Vintage Dinky Supertoys
In order to help the war effort, Dinky Toys were not made between 1941 and 1945, and the company had a lot of work to do to get their toys back into the hands of children afterwards. In 1947 they introduced Dinky Supertoys, a range of 1:48 scale lorries. They have since become one of the most collectible lines of vintage Dinky Toys. Some of the popular models include the Foden 8-wheel Wagon, the Foden Flat Truck, and the Foden Flat Truck with Chains. They usually came in white boxes with blue horizontal stripes. To make the toys more personable, Meccano produced detailed and beautiful renditions of many commercial vehicles. The Supertoys series lasted through the 1960s.
Vintage Dublo Dinky Toys
Dublo Dinky Toys came out in 1958 and included 1:78 scale models designed particularly for the Hornby railway products. The toys in this line were rather simple because they had a one-piece die-cast body and plastic wheels. The series was an attempt to compete with other manufacturers, such as Matchbox, in the small-scale model industry. Only 15 Dublo models existed, through there were multiple variations of each toy. The Dublo Dinky series only lasted two years and included the Ford Prefect, the Singer Roadster, the Commer van, the Austin Lorry, the Morris pickup, and a few others.
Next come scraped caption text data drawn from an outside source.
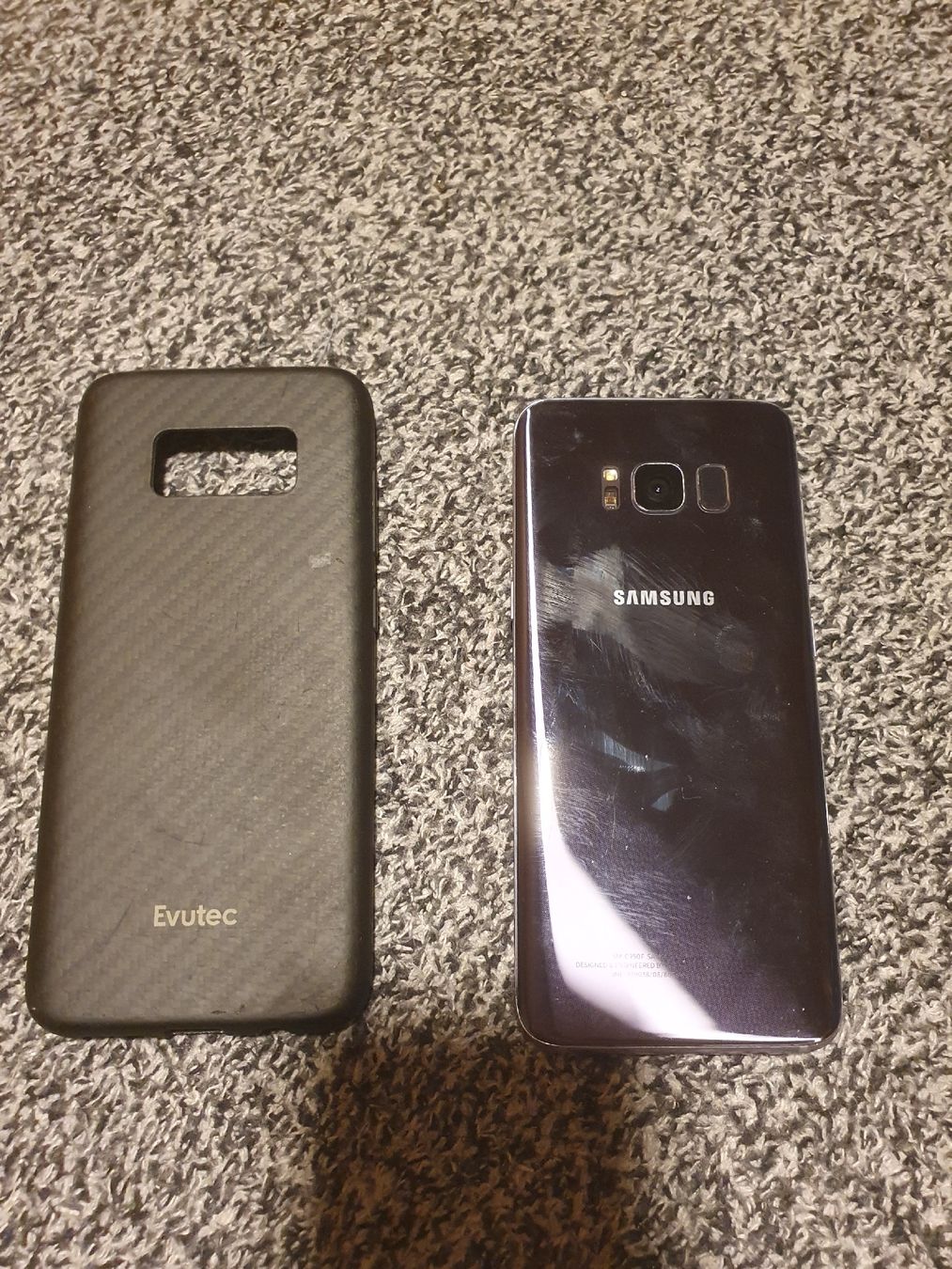 Samsung Portables: Samsung S8 – Défectueux à Henau par Leumas2003 1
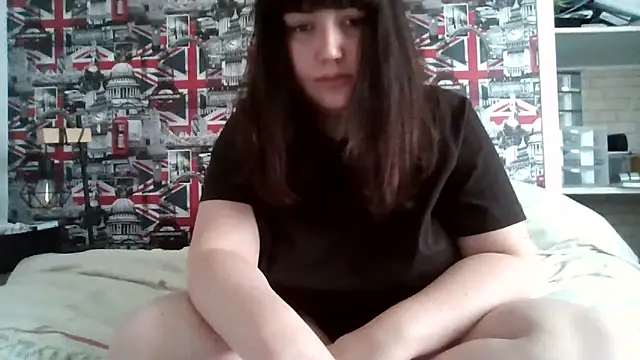 Lynylou online show from 09.24.25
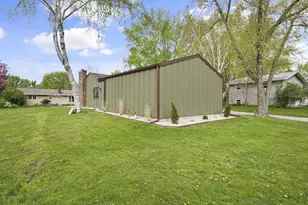 218 Avalon Rd, Columbus, WI 53925 - Photo 9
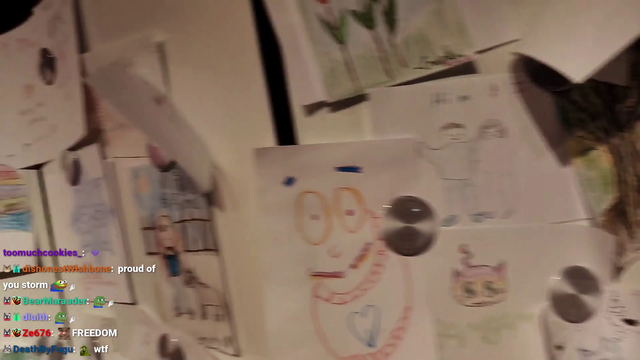 Streamer runs out of museum in embarrassment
Since they were produced in limited quantities, they tend to be quite valuable, especially if they come with their original accessories, such as the horse and horse trailer.
Vintage Mini Dinky Toys
Meccano made another attempt to sell small scale models in 1968 when they released their series of mini Dinky Toys. These were 1:65 scale and more intricate than the Dublo toys. They were not made in the UK and came with features like opening bonnets, doors, and boots. To make the toys more attractive, each came with a red plastic garage that stacked with other ones. Children who collected several cars could create their own storage system, which some preferred to traditional cardboard boxes. Unfortunately, the attempt still could not compete with the new and exciting Hot Wheels cars of that time, so the series was cancelled.